### Raw data
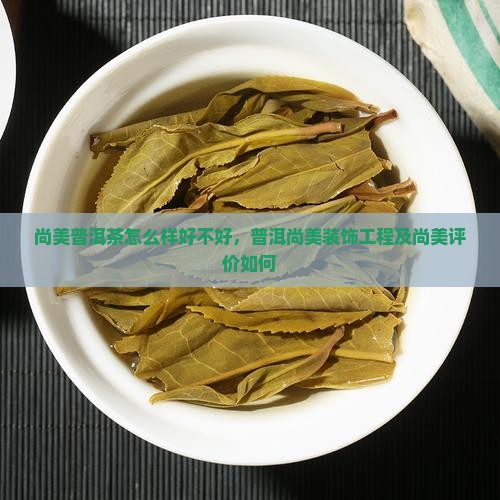 尚美普洱茶怎么样好不好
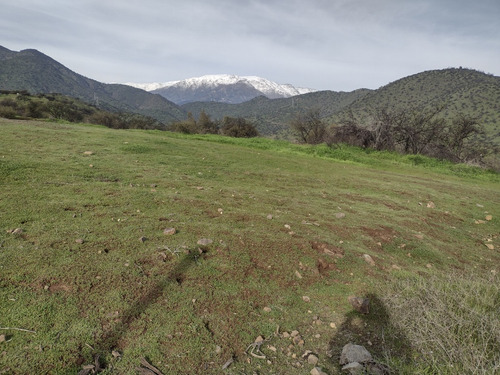 Terreno De 4 Ha Con Luz ,despejado, Excelente Ubicaci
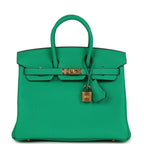 Hermes Birkin 25 Menthe Togo Gold Hardware
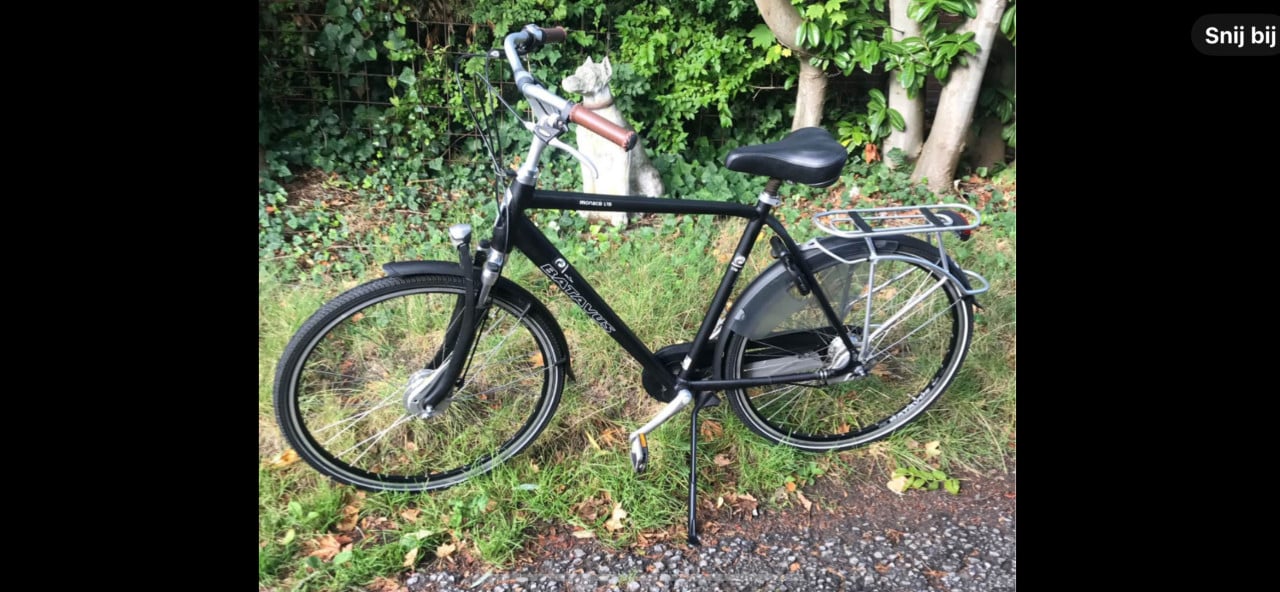 Tekoop Batavus Monaco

### Exercise description
Print the material precisely as given, dropping any images it holds.

### Task answer
 尚美普洱茶怎么样好不好
 Terreno De 4 Ha Con Luz ,despejado, Excelente Ubicaci
 Hermes Birkin 25 Menthe Togo Gold Hardware
 Tekoop Batavus Monaco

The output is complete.